The release of my first book in the summer of 2004, Faces of the Civil War, prompted a question from my editor. Bob Brugger asked, “What’s next?”
The logical companion volume was soldiers in butternut and gray. Faces of the Confederacy: An Album of Southern Soldiers and Their Stories, was born.
The project presented a major challenge: Where to find identified, wartime photographs of Confederate soldiers? Compared to images of their Northern counterparts, Southern soldiers are rare.
Up for the challenge of locating and securing permissions for the images, I cast a wide net in my search. I contacted fellow private collectors, dealers in Civil War relics, and public libraries, historical societies, and institutions of higher education. The hunt for images lasted two years, and ended in success.

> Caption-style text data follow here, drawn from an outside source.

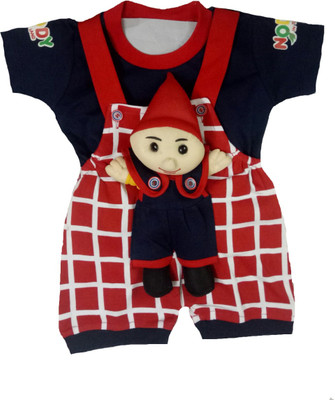 

Kid n Kids Dungaree For Boys & Girls Solid Cotton(Multicolor, Pack of 1, Multicolour
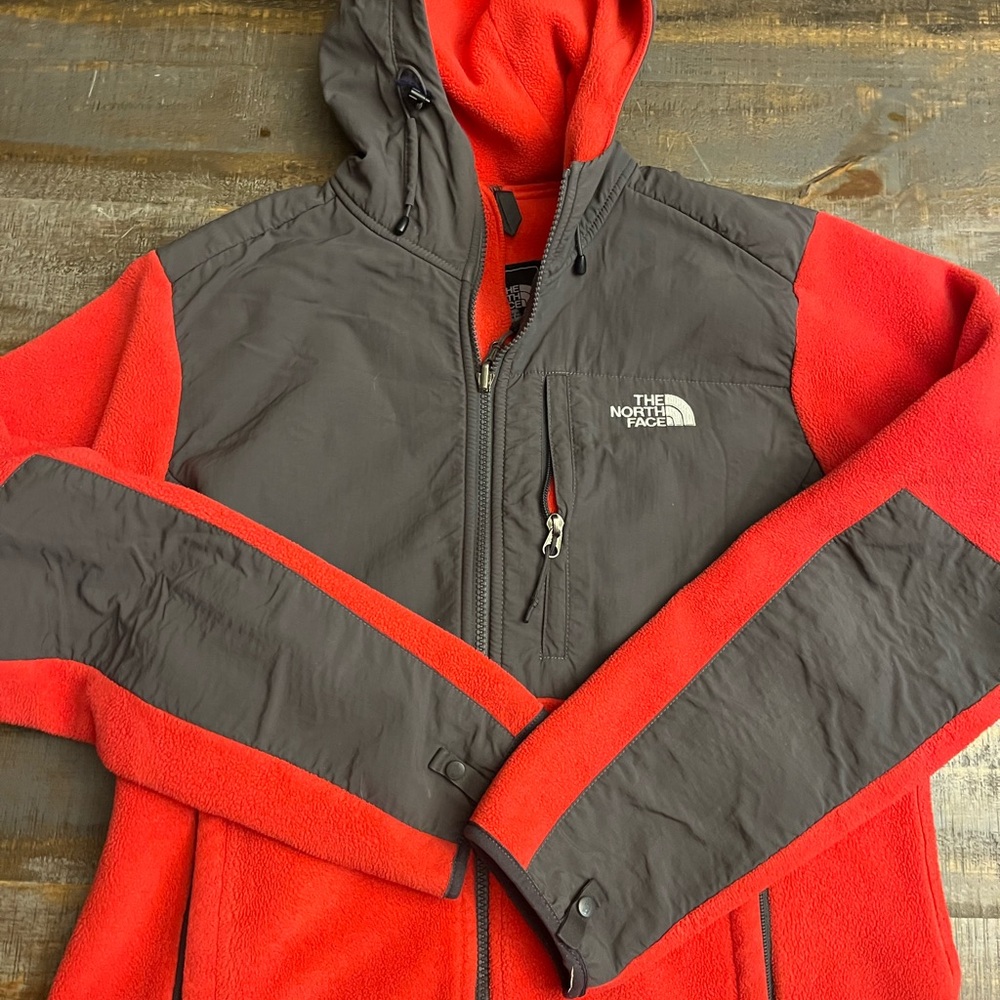 VINTAGE The North Face Coral Orange and Gray Jacket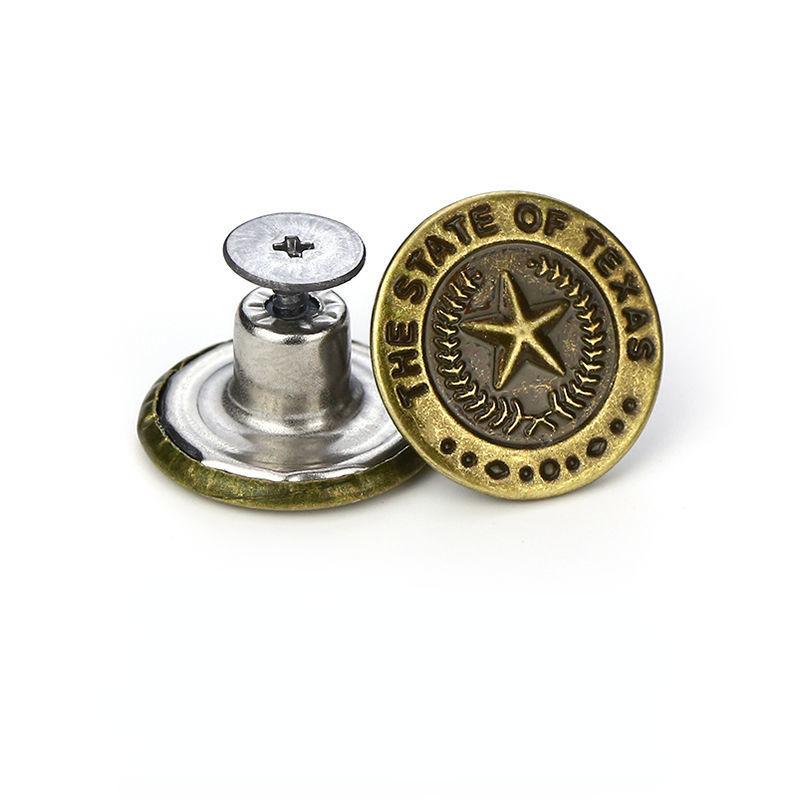 1/2/5/10 шт. бесшовные джинсовые пуговицы из сплава с инструментами — съемные и регулируемые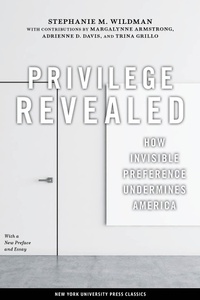 Enlarge image Cover: Privilege Revealed - New York University Press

Significant challenges also occurred on the research front. Federal pension files, a significant source of information for Union Faces, were not an option for Confederate soldiers or their widows after the war. Other sources, notably county histories and newspapers, filled the void.
The extraordinary stories and images of these ordinary men who hailed from across the Confederacy are the result.
About the Cover Image
The cover image selected by The Johns Hopkins University Press is an identified soldier, Sgt. William Crawford Smith of the Twelfth Virginia Infantry. His story appears on pages 151-153 in the book. The choice of this carte de visite contrasts with Union Faces, which features an unidentified soldier to represent the millions of volunteers who served. Although this portrait is of a known soldier, Sgt. Smith’s likeness is representative of the men who enlisted in the Confederate armies after the opening shots were fired at Fort Sumter, South Carolina.

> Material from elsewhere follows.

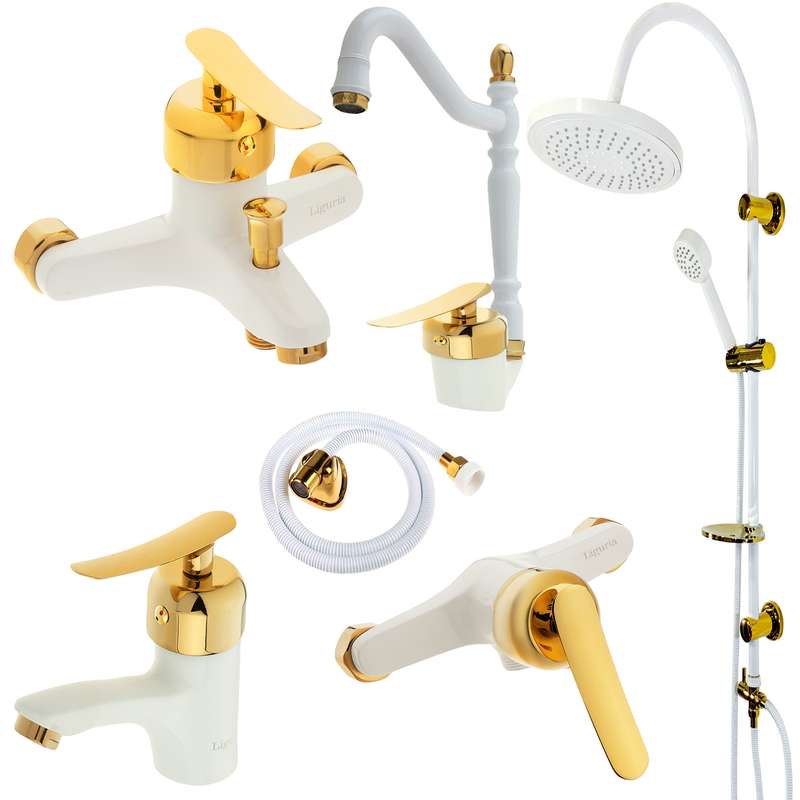 ست شیرآلات لیگوریا مدل 1221 مجموعه 6 عددی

Sgt. Smith stands in the studio of E.S. Lumpkin (life dates unknown) & Co., of Richmond, Virginia, grasping a battle flag in his right hand and holding a forage cap in the other hand. He apears to be dressed in his best uniform, complete with tassles, matching buttons, and a fine leather waist belt. His footwear is little worn, and his leggings are clean and unfrayed. The pristine quality of his clothing and the flag suggests that this photograph was taken soon after the end of the war. Lumpkin or an employee tinted the flag and other elements of his uniform. Although this black and white reproduction does not capture the added color, the careful observer will note the saturated tones and sharp edges of the banner.

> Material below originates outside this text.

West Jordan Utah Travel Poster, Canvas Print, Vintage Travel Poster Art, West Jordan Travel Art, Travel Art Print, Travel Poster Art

This stunning portrait is part of the William A. Turner collection. Bill’s contribution to the book is enormous. Almost half the cartes pictured on its pages come from his holdings. Turner, who died in 2012, was a pioneer collector and dealer who possessed a vast knowledge about Civil War photography and Virginia images in particular. Many of my favorite moments during the course of this project involve chatting with Bill in person and by telephone about a wide range of topics.